Bruce Rueben, president of the Minnesota Hospital Association, cautioned that the agreement was "not a substitute for insurance."
"We hope by 2012, this agreement will no longer be needed because every Minnesotan will have coverage," Rueben said. Rueben said the discount will vary by size of hospital, competition and the mix of patients on commercial insurance plans and patients on government programs, which tend to pay lower reimbursement rates to providers.
"If you're in a tiny hospital in a one-hospital town with low volume, there will be very little difference between cost and the charges," Rueben said.
But hospitals that see a lot of patients on Medicare and Medicaid will shift costs to private health plans to make up for the low government reimbursement rates, Rueben said. Hospitals with money losing programs, such as large emergency departments, also shift costs to commercial insurers to minimize or equalize those losses.
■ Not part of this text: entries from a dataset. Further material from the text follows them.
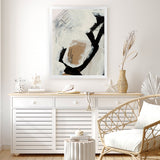 Shop Click Art Print-Abstract, Black, Dan Hobday, Neutrals, Portrait, Rectangle, View All-framed painted poster wall decor artwork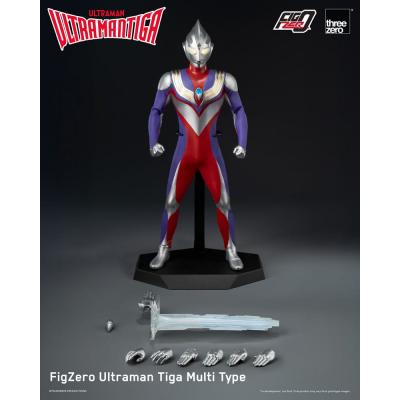 Ultraman Tiga Figura FigZero 1/6 Ultraman Tiga Multi Type 32 cm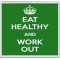 Eat Healthy and Work Out - Large Coaster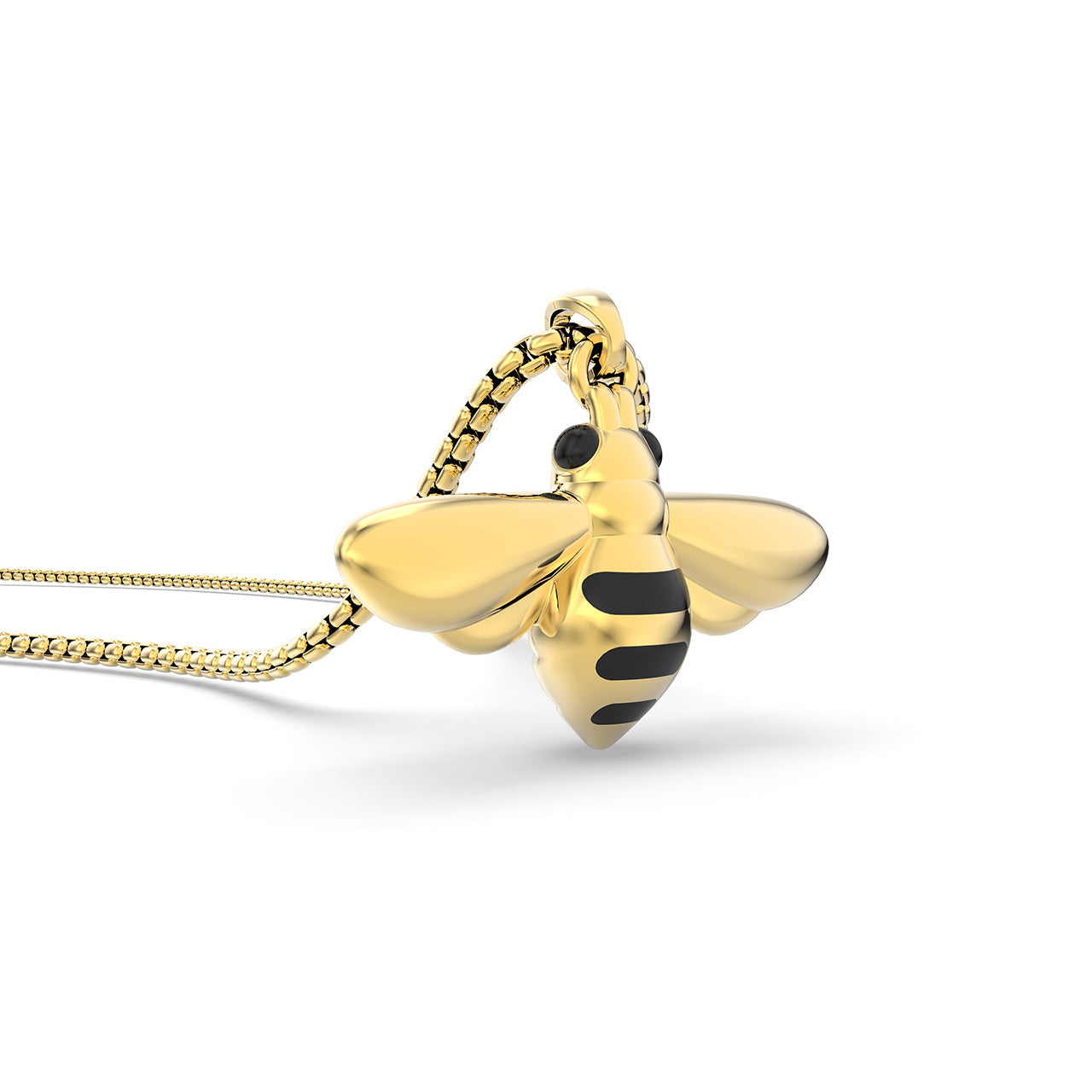 Colier cu pandantiv albină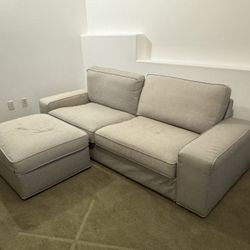 IKEA Kivik Couch With Ottoman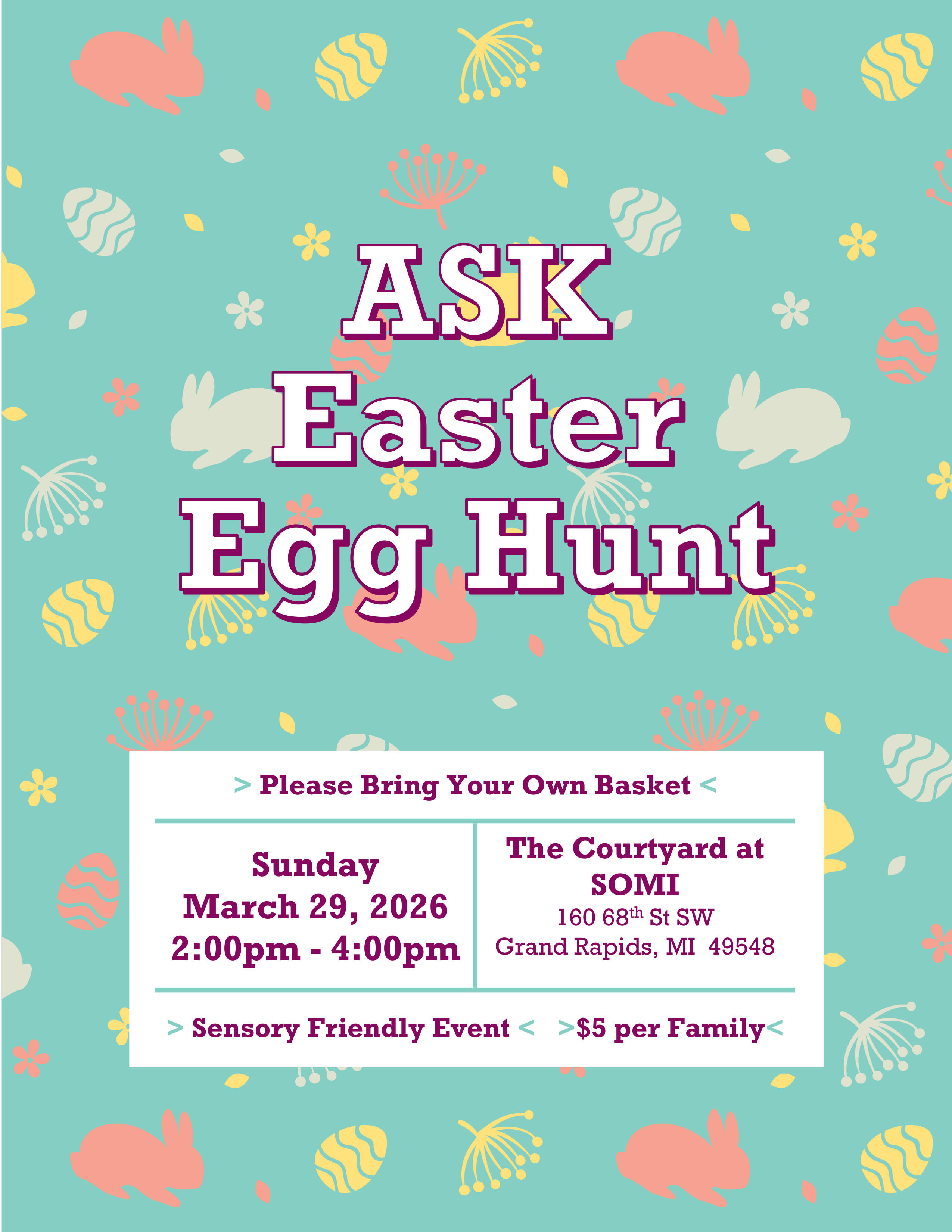 Campaign cover image for 2026 ASK Easter Egg Hunt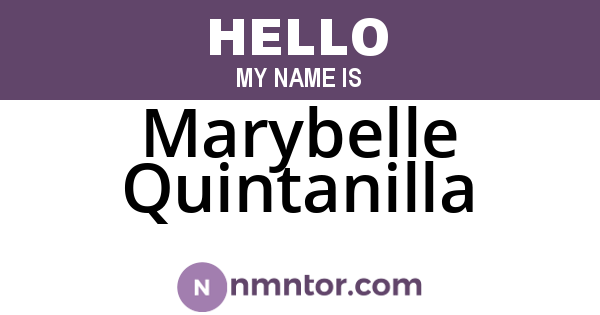 Marybelle Quintanilla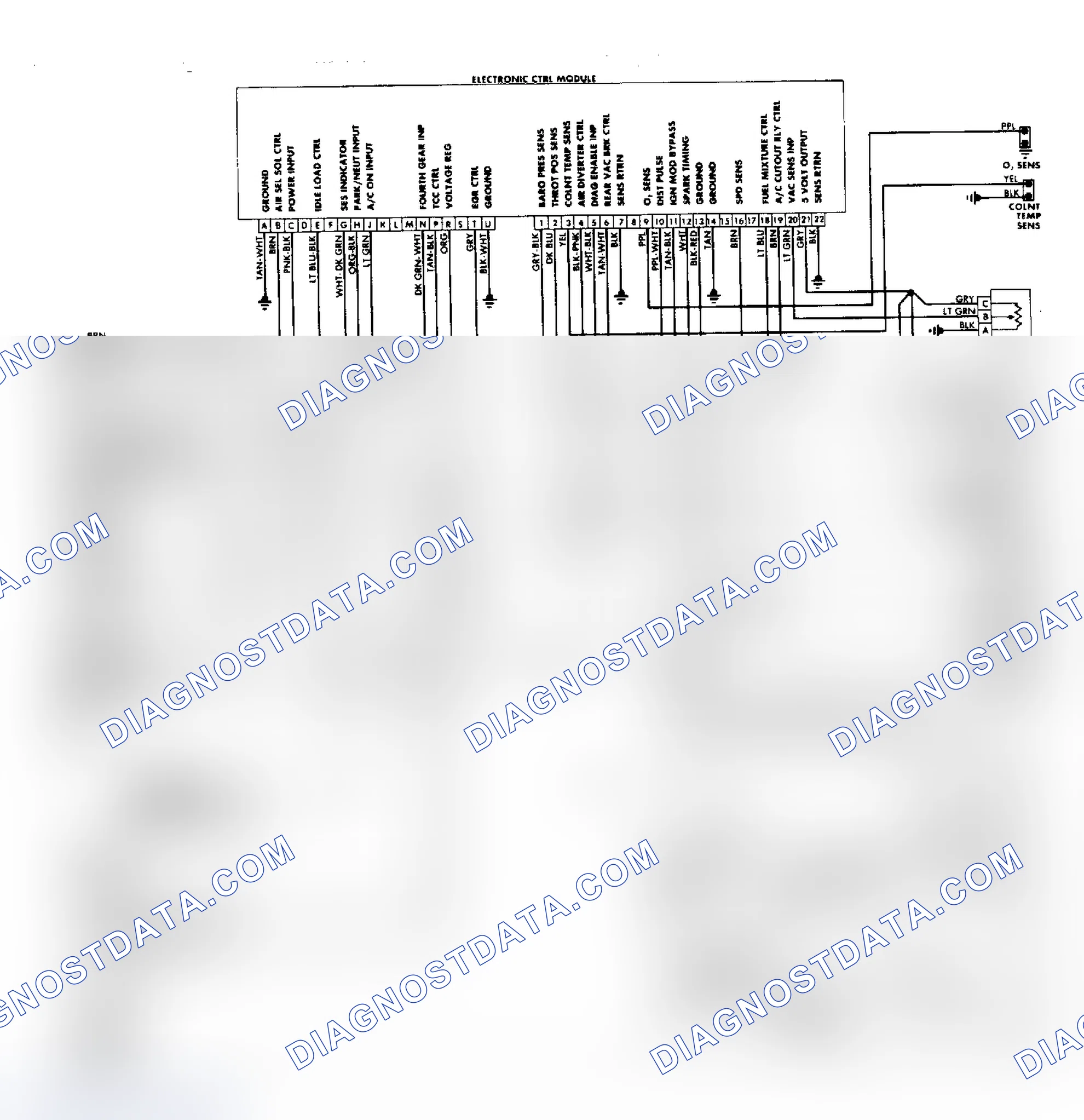 Scheme 472: Full Function Wiring Diagram (1987 5.0L, VIN Y)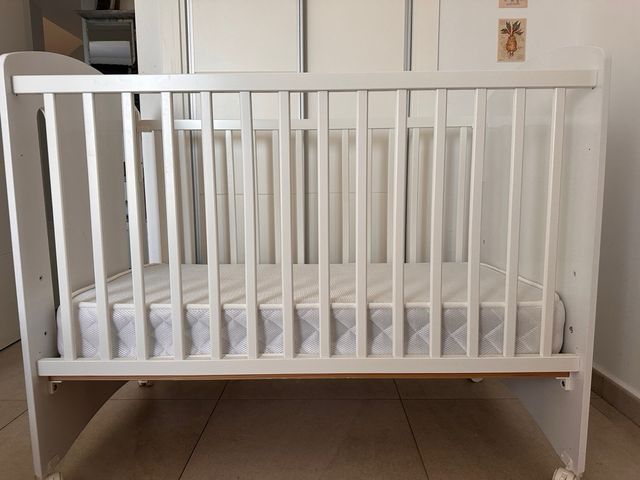 Cuna bebé Trama - Blanca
"When you get into big urban areas, then you have hospitals getting the sickest of the sick," Rueben said. "Then there's a much bigger difference between costs and charges."
Former Attorney General Mike Hatch and the state's largest hospitals negotiated the original agreement regarding discounts to the uninsured and less aggressive debt-collection practices in 2005 as a two-year trial. Eventually, all of the state's hospitals joined the agreement.